Bus Éireann and the Royal Irish Academy (RIA ) have launched a collaborative campaign to commemorate leading female participants in the 1916 Rising. The campaign features a specially wrapped double decker commuter bus, and posters illustrating the stories of six women who featured prominently in the Easter Rising, on 650 buses nationwide. Bus Éireann travel centres across the country, as well as bus bays, some bus shelters, and Busaras in Dublin, will also feature billboards and a short digital video for the campaign. The figures will be profiled on board buses in the regions where they are most associated, with Mayo native Kathleen Lynn the figurehead for the west of Ireland
Kathleen Lynn was a clergyman’s daughter from Mayo who became chief medical officer with the Irish Citizen Army. During the Easter Rising she supervised a first-aid station in Dublin City Hall until the garrison’s surrender. Posters with this information and a link to information on the five other women featured in the campaign – at www.buseireann.ie/womenoftherising can be seen across Bus Éireann’s bus fleet in the west of Ireland.
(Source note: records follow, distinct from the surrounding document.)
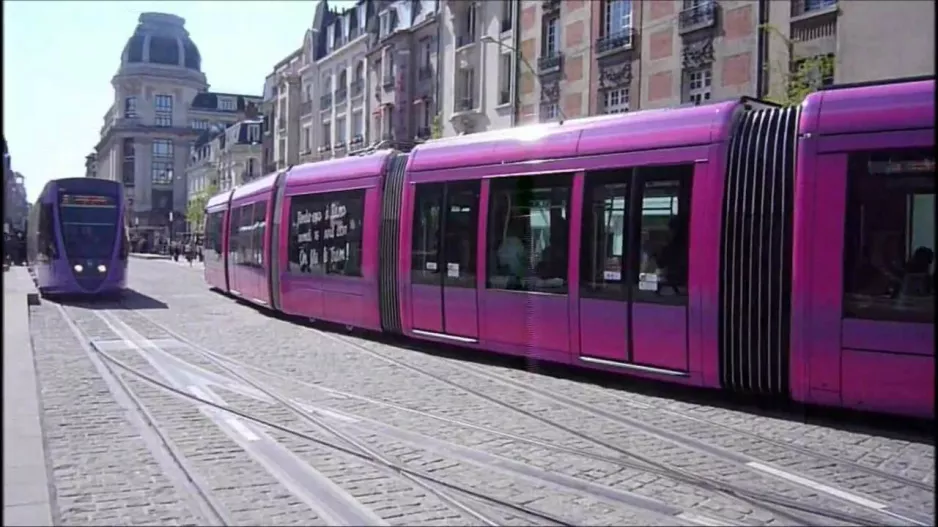 Die Straßenbahn von Reims und ihre 9 Farben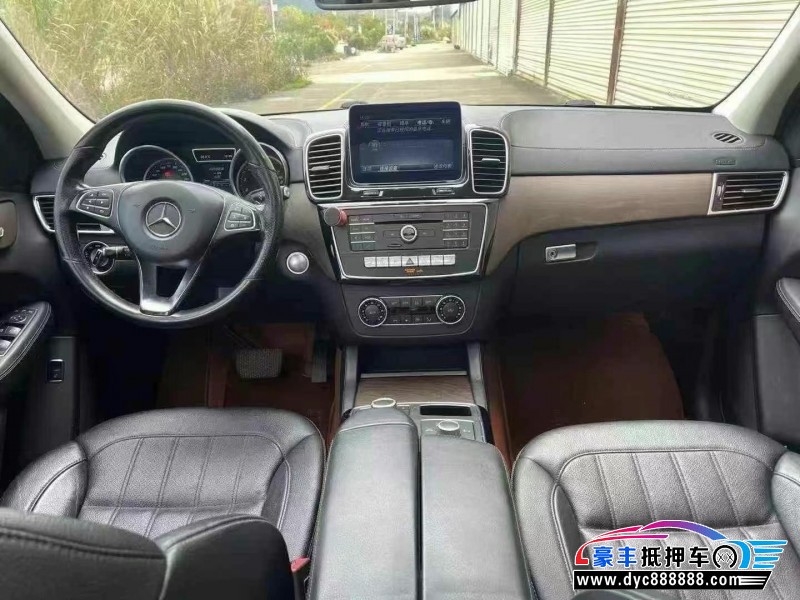 18年奔驰GLE轿车抵押车出售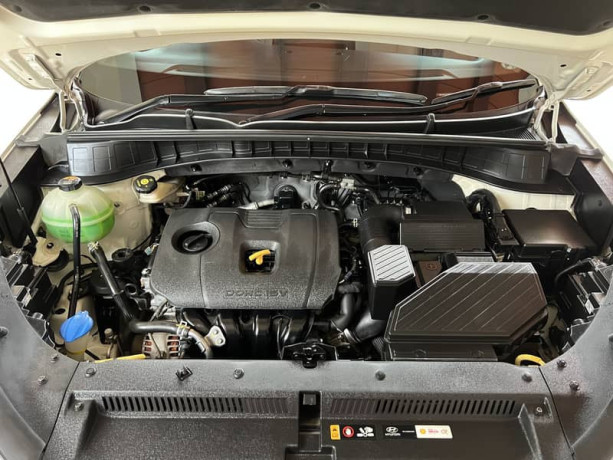 hyundai-tucson-awd-bard-new-car-tootal-bumpar-to-bumpar-orignal-big-9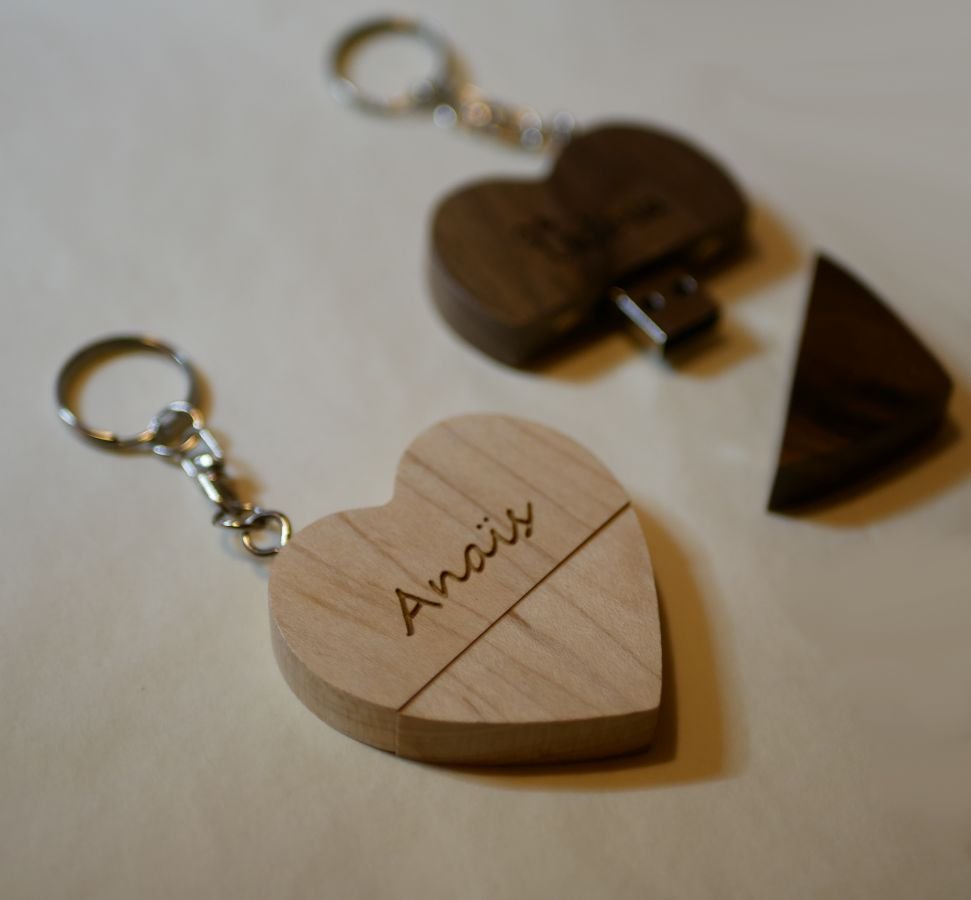 Memoria USB de madera con corazón grabado para personalizar 128 GB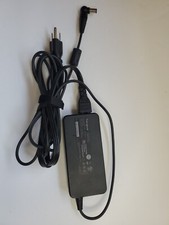 Targus APA110US 90W Semi-Slim Universal Laptop Charger Power Supply Black  #81 picture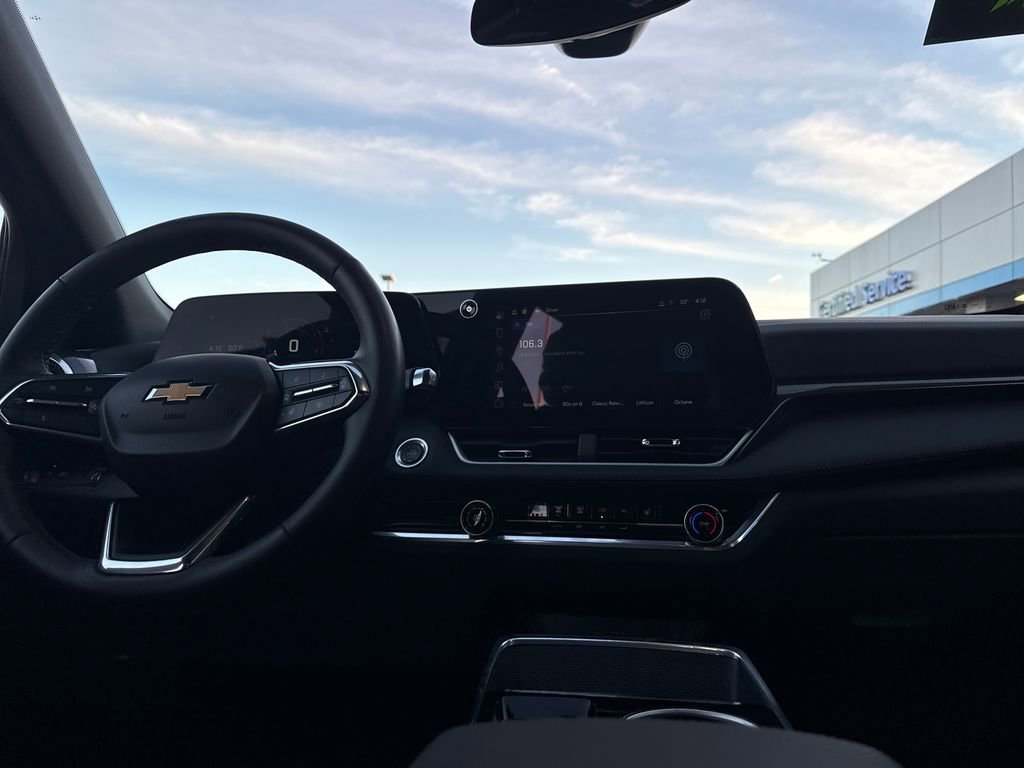 Used 2025 Chevrolet Equinox LT image 15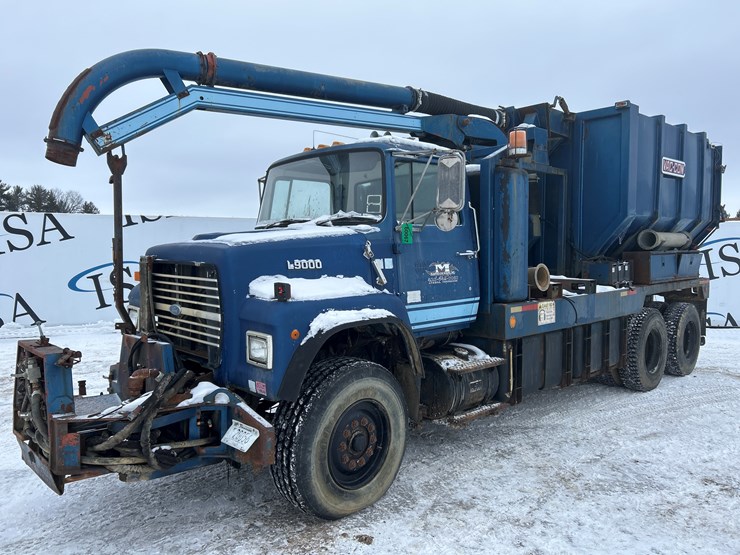 1990-ford-l9000-image-1
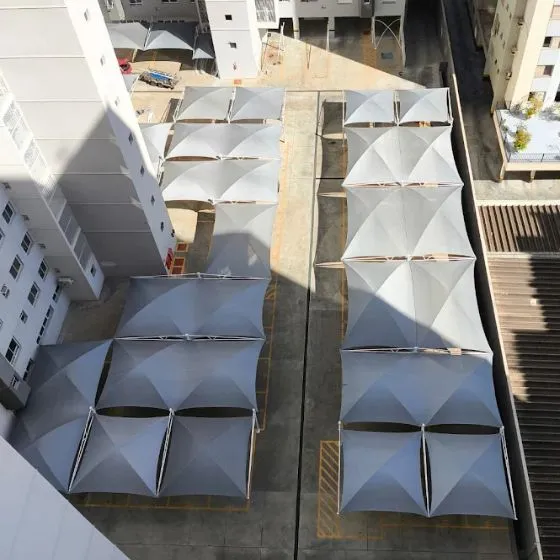 Sombreadores para Veículos em São José, Cerquilho SP Sombreadores para Veículos em São José, Cerquilho SP — Cobertura em pátio de comércio com mesas externas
RIA managing editor Ruth Hegarty said the collaboration was a great way for the public to learn more about the important role women played in the Easter Rising: “These women worked as snipers, cooks, couriers, secretaries, nurses and doctors during Easter Week. They all survived the Rising, and continued as teachers, doctors, actors and trade union activists. Their different life stories give a broader picture of the people who were involved in the Rising. The academy has written 10,000 biographies of the people of Ireland in the Dictionary of Irish Biography, and I am thrilled to see these six lives highlighted on Bus Eireann's national network.”